Для нас, французов, Италия – такое же отечество, как и Франция; и Париж, в котором живет дух современности, протягивает руку Риму, в котором живет душа античности. Народы, будем любить друг друга.

Мир людям, свет умам.

Виктор Гюго.

1878
СТОЛЕТИЕ СО ДНЯ СМЕРТИ ВОЛЬТЕРА
30 мая 1878 года

Сто лет тому назад в этот день умирал человек. Он умирал бессмертным. Он уходил от нас, обремененный годами, обремененный творениями, обремененный самой славной и самой ужасной ответственностью – ответственностью за совесть людей, которую он предупреждал и стремился наставить на правильный путь. Он уходил, сопровождаемый проклятиями и благословениями – проклятиями прошлого и благословениями будущего, – таковы, господа, две прекрасные формы славы. Лежа на смертном одре, он слышал, с одной стороны, овации современников и потомства, а с другой – гиканье и гул ненависти, которые неумолимое прошлое обрушивает на тех, кто с ним боролся. Он был больше чем человек – он был эпоха. Он исполнял долг и осуществлял миссию. Для дела, которое он совершил, его, безусловно, избрала высшая воля, проявляющаяся столь же отчетливо в законах судьбы, как и в законах природы. Восемьдесят четыре года, прожитые этим человеком, занимают промежуток, отделяющий зенит монархии от зари революции. Когда он родился, еще царствовал Людовик XIV, когда он умер, уже царствовал Людовик XVI,так что его колыбель могла видеть последние лучи великого трона, а его гроб – первые проблески великой бездны. (Аплодисменты.)

Прежде чем продолжать, господа, договоримся о значении слова «бездна»; существуют и благие бездны – те, в которые проваливается зло. (Возгласы: «Браво!»)
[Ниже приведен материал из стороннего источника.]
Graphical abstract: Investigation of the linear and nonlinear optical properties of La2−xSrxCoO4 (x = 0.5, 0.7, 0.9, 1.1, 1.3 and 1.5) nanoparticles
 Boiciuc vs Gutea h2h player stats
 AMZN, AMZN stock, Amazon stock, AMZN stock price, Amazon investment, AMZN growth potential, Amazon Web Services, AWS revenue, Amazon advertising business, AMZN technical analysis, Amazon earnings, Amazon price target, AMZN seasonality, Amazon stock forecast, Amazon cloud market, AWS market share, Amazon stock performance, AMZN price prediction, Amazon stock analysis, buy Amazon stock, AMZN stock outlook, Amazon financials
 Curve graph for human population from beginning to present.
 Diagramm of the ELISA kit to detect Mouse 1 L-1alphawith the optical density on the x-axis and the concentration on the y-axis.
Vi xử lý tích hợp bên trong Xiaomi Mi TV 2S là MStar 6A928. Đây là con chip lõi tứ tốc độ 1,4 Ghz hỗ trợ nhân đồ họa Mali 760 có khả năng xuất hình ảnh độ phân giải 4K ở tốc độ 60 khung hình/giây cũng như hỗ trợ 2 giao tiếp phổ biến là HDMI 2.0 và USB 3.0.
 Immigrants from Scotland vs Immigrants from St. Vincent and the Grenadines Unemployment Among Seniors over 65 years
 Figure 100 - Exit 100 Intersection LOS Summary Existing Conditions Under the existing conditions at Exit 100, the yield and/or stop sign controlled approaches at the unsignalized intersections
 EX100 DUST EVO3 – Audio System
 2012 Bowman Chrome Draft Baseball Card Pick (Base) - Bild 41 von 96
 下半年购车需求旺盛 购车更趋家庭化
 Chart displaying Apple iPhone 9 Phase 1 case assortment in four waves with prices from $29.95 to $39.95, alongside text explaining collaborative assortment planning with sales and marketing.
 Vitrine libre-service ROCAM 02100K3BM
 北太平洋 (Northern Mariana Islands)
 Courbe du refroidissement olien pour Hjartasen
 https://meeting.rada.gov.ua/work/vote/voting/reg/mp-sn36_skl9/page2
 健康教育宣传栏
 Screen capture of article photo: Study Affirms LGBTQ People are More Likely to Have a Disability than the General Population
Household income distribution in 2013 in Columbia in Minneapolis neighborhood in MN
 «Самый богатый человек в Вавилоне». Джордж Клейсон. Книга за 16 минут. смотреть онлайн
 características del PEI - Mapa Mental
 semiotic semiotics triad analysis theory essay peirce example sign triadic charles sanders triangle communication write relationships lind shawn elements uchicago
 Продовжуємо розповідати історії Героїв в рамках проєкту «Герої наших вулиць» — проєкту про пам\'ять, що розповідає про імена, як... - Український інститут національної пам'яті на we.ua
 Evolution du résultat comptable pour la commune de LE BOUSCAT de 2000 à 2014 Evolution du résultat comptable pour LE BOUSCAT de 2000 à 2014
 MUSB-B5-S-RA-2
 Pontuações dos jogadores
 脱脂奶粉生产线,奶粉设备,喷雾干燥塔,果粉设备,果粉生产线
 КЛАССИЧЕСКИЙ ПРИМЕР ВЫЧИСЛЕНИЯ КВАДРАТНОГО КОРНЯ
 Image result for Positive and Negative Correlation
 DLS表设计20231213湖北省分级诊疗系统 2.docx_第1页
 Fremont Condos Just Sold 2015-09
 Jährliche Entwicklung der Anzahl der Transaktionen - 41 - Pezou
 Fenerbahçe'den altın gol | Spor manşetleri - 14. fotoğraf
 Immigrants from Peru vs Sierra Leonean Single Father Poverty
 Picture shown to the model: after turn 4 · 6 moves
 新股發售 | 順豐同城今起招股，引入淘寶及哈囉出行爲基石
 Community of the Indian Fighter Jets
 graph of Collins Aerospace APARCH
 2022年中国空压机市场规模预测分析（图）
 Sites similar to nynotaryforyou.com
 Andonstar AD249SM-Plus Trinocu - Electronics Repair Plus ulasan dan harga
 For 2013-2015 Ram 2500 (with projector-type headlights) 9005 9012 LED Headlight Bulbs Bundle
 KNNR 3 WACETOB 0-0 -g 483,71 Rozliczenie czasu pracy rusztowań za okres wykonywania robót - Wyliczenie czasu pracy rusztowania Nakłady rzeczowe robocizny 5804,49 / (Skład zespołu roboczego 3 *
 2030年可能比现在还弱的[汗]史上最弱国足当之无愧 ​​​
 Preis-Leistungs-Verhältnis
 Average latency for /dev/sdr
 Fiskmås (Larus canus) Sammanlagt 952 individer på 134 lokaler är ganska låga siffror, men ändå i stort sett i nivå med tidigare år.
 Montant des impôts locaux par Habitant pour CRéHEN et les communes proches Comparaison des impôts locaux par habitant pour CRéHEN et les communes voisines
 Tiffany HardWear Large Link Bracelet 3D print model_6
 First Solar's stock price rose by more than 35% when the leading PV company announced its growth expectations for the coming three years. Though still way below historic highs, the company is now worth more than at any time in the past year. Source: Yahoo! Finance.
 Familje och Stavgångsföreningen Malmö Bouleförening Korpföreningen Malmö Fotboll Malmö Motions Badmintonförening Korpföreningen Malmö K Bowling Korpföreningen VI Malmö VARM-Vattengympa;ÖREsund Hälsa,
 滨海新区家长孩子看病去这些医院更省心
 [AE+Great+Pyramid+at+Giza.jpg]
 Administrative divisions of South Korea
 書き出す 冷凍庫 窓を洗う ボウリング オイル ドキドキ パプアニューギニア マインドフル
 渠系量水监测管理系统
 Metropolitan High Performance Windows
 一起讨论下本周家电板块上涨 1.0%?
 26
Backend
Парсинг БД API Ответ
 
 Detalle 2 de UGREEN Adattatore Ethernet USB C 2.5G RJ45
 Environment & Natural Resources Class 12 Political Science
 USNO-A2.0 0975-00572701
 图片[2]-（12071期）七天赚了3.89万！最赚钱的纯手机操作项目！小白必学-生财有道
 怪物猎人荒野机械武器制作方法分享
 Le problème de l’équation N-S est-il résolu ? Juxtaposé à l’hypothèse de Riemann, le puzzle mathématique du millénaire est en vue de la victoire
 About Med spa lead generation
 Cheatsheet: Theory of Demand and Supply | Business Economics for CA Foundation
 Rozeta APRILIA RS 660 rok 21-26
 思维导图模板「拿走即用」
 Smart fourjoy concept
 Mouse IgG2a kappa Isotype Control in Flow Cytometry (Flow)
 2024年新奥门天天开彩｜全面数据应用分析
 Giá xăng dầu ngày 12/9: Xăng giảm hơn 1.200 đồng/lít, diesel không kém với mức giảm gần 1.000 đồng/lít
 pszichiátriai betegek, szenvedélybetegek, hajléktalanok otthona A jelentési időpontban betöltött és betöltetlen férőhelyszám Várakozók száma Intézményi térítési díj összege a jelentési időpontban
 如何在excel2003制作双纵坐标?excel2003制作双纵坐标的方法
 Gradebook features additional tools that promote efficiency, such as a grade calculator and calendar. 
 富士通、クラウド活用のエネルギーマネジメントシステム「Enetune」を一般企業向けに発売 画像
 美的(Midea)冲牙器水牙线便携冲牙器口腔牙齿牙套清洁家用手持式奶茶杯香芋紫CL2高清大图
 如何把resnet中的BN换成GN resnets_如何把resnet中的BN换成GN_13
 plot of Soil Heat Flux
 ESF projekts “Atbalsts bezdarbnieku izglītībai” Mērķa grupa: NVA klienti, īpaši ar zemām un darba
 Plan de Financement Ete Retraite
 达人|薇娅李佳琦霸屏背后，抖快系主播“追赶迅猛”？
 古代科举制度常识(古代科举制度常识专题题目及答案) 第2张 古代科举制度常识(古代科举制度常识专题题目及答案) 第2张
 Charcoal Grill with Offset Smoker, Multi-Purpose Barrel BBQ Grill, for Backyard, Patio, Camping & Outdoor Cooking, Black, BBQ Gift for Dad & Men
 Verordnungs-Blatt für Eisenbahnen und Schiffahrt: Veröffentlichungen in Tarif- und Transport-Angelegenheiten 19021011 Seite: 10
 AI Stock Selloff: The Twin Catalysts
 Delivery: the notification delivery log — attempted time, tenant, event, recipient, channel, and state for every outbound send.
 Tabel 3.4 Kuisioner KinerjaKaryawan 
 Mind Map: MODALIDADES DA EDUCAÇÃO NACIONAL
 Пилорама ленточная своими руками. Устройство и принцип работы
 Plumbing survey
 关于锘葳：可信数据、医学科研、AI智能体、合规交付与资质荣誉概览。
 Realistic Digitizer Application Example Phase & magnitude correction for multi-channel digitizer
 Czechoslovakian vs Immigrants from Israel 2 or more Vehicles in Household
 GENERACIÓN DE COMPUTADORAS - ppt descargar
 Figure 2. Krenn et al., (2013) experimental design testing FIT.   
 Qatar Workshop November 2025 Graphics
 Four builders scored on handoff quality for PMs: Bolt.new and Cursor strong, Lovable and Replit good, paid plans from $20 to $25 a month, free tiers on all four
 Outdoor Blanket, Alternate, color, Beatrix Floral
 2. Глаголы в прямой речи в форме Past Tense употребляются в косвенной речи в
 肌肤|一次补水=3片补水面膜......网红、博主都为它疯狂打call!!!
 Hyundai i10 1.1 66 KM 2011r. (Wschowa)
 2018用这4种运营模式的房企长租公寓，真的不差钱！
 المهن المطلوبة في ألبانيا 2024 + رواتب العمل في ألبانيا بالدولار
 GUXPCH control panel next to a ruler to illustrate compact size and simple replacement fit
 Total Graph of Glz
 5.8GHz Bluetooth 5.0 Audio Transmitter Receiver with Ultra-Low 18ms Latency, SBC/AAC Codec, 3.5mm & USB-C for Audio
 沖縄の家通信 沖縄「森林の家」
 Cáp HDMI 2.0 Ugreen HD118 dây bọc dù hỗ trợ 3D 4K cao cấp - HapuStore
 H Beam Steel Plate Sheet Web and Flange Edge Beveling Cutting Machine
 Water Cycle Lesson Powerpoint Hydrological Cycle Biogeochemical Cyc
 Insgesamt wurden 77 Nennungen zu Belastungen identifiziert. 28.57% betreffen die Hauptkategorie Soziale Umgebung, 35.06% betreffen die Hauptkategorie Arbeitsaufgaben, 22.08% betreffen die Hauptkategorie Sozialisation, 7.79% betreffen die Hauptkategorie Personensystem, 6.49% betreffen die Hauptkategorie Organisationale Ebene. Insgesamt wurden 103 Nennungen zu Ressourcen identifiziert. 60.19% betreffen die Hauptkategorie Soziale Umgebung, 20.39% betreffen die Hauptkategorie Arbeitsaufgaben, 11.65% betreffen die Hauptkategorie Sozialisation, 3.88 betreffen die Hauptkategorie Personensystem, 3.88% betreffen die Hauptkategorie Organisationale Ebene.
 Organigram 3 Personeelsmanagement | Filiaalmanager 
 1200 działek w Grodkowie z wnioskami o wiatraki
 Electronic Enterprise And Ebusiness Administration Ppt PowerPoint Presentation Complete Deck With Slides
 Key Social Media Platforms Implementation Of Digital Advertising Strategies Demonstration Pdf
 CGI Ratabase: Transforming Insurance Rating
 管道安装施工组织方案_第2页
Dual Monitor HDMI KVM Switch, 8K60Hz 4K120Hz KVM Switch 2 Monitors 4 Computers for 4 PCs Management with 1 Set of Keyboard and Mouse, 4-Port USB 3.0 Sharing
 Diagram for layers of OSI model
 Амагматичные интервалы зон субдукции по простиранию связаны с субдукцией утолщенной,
Господа, раз уж я себя прервал, позвольте мне дополнить свою мысль. Ни одно неосторожное или дурное слово не будет здесь произнесено. Мы собрались на праздник цивилизации. Мы собрались сюда, чтобы утвердить прогресс, рассказать философам о благодеяниях философии, принести восемнадцатому веку доказательства уважения со стороны девятнадцатого века, почтить великодушных борцов и служителей добра, приветствовать благородные усилия народов, промышленность, науку, труд, мужественное продвижение вперед, скрепить единение людей, одним словом – для того, чтобы прославить мир, это возвышенное выражение всеобщей воли. Мир – добродетель цивилизации, война – ее преступление. (Аплодисменты.)Мы собрались сюда в этот величественный момент, в этот торжественный час, чтобы благоговейно склониться перед нравственным законом и сказать миру, прислушивающемуся к словам Франции, следующее: «Существует только одна сила – совесть на службе справедливости; существует только одна слава – гений на службе истины». (Движение в зале.)

Сказав это, я продолжаю.

До Революции, господа, социальное устройство было таково:

Внизу – народ.

Над народом – религия в лице духовенства.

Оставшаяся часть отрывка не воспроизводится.